Leap Manifesto needs to move farther left | Graham Cox

by Graham H. Cox last modified 2016-05-24T10:57:25-04:00
The criticism of the Leap Manifesto as being too radical or too far to the left falls flat when examined in the context of current policy of progressive energy labour unions. The fact is, the Leap document is not "radical" in essence, it is centre-left/liberal. This is a problem for those who want to discredit it with baseless name calling. Unfortunately, calling it far-left or extremely radical causes confusion and undermines the broader left program demanding the necessary radical solutions to climate change.

The essential politics of a policy do not change with time or place. The only thing that changes is the ability to implement it. One only need to look at how often through history socialist politicians (and the NDP) have been proved correct. Their advocacy for policy who's "time has not come" can be called out as impractical, but that has not stopped socialists from advocating it. In some ways, it is what differentiates socialists from liberals (who are always calling for us to wait longer and stop pushing so hard).12938264_1781805762039630_2948250812721578127_n.jpg

I get the argument that some cannot tell the difference and there are always a host of reasons why, but as socialists our struggle is to see the world as it is and -- as clearly as possible -- call it as such and suggest alternatives.

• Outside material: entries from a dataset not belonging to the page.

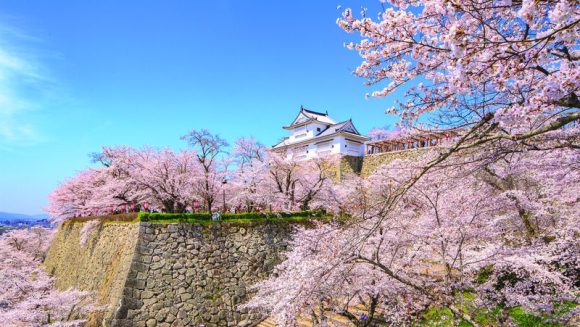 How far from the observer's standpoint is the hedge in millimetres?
10945

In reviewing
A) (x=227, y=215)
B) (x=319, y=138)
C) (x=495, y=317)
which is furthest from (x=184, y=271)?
(x=319, y=138)

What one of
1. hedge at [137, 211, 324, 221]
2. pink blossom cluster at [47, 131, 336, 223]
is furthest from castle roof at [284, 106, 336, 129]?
hedge at [137, 211, 324, 221]

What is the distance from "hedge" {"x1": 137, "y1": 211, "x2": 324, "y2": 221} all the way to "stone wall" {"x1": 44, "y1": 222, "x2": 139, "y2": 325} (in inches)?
21.2

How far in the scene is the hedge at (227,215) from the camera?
10.9 meters

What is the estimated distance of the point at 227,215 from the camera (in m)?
12.1

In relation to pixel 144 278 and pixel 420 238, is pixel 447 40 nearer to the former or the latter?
pixel 420 238

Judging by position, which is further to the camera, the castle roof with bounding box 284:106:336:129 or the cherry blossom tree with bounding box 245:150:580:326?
the castle roof with bounding box 284:106:336:129

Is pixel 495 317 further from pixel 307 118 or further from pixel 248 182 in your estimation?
pixel 307 118

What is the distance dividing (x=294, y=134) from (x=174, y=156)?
13259 mm

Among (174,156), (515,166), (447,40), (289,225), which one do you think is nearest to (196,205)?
(174,156)

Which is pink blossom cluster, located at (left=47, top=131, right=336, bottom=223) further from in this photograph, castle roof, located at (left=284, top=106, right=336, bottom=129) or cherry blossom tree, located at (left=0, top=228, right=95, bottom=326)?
castle roof, located at (left=284, top=106, right=336, bottom=129)

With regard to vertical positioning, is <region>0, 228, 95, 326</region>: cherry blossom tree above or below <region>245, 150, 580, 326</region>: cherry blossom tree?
below

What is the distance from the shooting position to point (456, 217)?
6.29 metres

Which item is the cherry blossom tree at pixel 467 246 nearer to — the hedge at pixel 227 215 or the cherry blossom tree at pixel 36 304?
the hedge at pixel 227 215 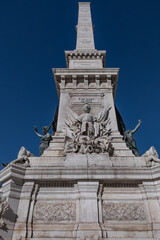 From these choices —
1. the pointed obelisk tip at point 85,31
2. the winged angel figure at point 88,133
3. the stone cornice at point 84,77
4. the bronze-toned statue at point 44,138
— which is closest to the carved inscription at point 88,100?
the winged angel figure at point 88,133

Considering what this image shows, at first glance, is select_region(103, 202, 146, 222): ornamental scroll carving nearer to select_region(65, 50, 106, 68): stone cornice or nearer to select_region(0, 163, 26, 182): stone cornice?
select_region(0, 163, 26, 182): stone cornice

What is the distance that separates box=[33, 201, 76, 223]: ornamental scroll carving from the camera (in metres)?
7.11

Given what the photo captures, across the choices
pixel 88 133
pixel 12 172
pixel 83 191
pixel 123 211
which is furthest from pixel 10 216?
pixel 88 133

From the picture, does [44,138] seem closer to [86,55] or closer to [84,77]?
[84,77]

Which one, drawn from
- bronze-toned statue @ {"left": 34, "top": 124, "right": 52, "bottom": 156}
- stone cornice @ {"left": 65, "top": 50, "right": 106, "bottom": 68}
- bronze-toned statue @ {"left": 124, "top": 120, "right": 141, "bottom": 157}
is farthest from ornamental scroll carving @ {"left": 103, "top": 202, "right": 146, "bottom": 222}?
stone cornice @ {"left": 65, "top": 50, "right": 106, "bottom": 68}

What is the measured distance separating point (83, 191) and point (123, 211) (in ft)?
5.28

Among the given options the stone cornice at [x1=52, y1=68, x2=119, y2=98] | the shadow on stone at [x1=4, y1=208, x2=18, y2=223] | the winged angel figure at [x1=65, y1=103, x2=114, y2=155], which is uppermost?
the stone cornice at [x1=52, y1=68, x2=119, y2=98]

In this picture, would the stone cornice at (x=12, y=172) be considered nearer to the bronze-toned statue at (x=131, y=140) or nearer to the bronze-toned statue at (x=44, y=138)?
the bronze-toned statue at (x=44, y=138)

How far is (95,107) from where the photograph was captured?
11961 mm

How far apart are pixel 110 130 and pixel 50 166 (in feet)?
12.9

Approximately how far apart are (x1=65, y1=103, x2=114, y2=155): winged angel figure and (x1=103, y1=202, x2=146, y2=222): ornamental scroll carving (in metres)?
2.38

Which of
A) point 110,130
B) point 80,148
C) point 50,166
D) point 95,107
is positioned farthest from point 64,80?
point 50,166

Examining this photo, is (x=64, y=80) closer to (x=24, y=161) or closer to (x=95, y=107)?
(x=95, y=107)

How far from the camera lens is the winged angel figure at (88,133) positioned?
9.02 metres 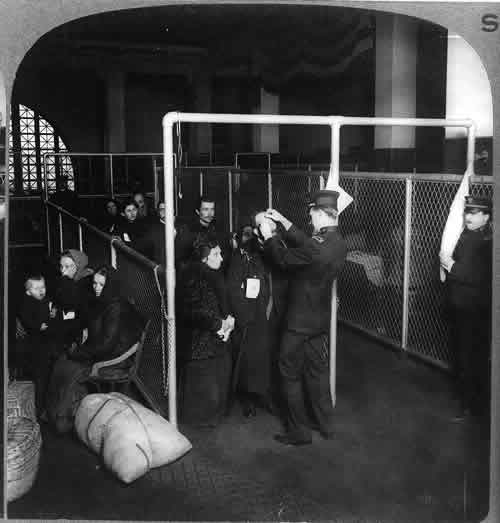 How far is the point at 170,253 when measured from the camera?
4.03 m

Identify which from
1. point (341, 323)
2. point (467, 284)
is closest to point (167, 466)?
point (467, 284)

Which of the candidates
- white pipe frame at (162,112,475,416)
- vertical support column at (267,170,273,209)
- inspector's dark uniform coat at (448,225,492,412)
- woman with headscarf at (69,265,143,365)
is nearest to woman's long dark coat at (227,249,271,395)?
white pipe frame at (162,112,475,416)

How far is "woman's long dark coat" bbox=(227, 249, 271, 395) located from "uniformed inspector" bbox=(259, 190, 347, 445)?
454 millimetres

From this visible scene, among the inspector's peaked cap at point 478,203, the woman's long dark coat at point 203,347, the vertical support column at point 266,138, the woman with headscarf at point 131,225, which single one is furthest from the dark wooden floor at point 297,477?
the vertical support column at point 266,138

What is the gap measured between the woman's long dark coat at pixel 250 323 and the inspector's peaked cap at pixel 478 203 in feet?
5.00

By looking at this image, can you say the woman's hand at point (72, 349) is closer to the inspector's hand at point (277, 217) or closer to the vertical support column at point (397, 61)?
the inspector's hand at point (277, 217)

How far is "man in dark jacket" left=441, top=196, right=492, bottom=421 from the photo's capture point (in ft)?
12.0

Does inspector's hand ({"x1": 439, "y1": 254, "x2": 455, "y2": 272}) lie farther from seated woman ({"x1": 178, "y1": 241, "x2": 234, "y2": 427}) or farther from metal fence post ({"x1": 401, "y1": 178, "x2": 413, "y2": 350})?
metal fence post ({"x1": 401, "y1": 178, "x2": 413, "y2": 350})

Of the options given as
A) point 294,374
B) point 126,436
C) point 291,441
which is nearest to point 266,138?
point 294,374

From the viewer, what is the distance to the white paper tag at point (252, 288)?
4521 mm

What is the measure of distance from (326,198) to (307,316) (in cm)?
80

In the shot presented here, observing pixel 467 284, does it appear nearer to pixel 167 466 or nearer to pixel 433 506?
pixel 433 506

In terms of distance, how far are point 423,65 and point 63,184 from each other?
8205 mm

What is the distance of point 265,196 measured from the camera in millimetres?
9578
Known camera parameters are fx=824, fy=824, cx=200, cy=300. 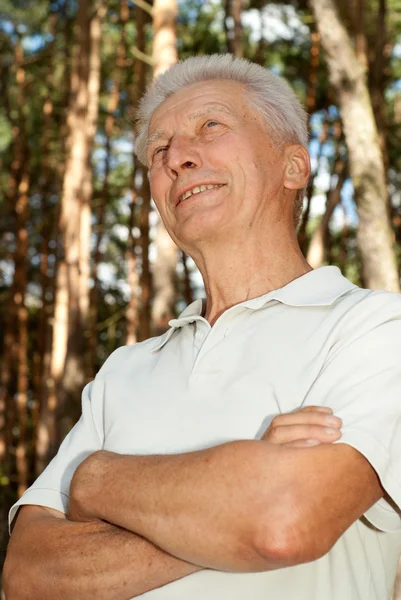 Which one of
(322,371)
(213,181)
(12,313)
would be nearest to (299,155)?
(213,181)

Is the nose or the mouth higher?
the nose

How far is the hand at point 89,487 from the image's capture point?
1.62 metres

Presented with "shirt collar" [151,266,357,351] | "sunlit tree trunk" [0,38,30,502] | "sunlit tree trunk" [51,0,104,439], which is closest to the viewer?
"shirt collar" [151,266,357,351]

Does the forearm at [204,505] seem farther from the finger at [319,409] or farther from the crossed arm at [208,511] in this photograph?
Result: the finger at [319,409]

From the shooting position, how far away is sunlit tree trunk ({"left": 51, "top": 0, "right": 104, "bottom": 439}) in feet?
31.4

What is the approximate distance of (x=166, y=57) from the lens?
5.95m

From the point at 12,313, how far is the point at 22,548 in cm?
1229

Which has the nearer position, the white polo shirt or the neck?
the white polo shirt

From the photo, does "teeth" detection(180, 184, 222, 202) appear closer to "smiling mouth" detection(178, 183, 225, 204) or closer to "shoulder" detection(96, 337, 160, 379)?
"smiling mouth" detection(178, 183, 225, 204)

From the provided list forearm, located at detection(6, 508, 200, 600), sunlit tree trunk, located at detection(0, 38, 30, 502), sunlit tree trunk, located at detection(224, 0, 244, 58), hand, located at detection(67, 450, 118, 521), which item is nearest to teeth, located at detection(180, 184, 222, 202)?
hand, located at detection(67, 450, 118, 521)

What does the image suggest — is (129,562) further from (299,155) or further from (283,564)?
(299,155)

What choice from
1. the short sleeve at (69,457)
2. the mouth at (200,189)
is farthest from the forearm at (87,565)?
the mouth at (200,189)

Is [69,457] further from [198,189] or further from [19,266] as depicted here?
[19,266]

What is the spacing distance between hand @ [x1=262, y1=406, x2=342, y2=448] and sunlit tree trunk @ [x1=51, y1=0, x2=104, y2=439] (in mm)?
7797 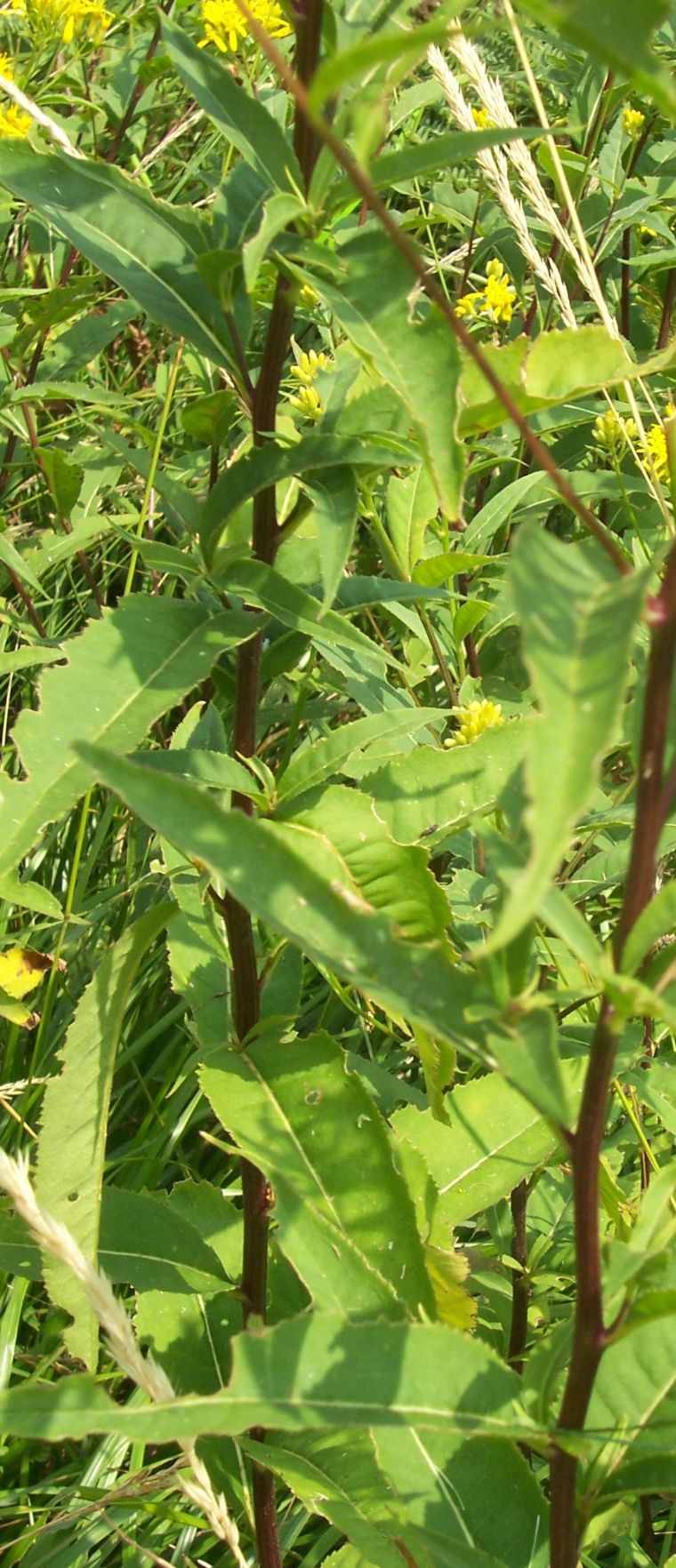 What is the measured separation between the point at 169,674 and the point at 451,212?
6.46 feet

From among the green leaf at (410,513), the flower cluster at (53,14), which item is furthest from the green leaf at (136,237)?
the flower cluster at (53,14)

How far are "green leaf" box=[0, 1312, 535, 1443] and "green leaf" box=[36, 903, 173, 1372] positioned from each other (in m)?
0.40

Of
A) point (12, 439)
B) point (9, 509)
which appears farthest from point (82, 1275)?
point (9, 509)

The main point of the Alberta NDP government when it comes to the Leap Manifesto is that it cannot be fully implemented right now. This is an interesting and important debate to have on the left especially when the left is in power, but a debate on implementation is hardly the same as a debate on the content of a policy document (the little of it there is at five pages of 18pt font). The broader left social movements should be taking a more critical look at the document and discussing what acutal policies we should be supporting.

The fact is, the Leap document is not, in essence, "radical". It is centre-left liberal and calling it far-left or extremely radical causes confusion and undermines the broader left program. It does not even come close to policy adopted by CUPE (which is a large electrical energy union) and other unions around the world who also have energy sector members. Many of these unions would not reject the Leap Manifesto and you would be hard pressed to call all of them radical socialists.

In much the same way workers and communities came to oppose fracking in New Brunswick -- similarly sold as a quick fix to the economic malaise gripping that province -- unions need to tell their members the facts around energy and suggest alternative routes for discussion. It is why CUPE's membership endorsed it without hesitation -- a membership which is hardly made up of "downtown dilettantes".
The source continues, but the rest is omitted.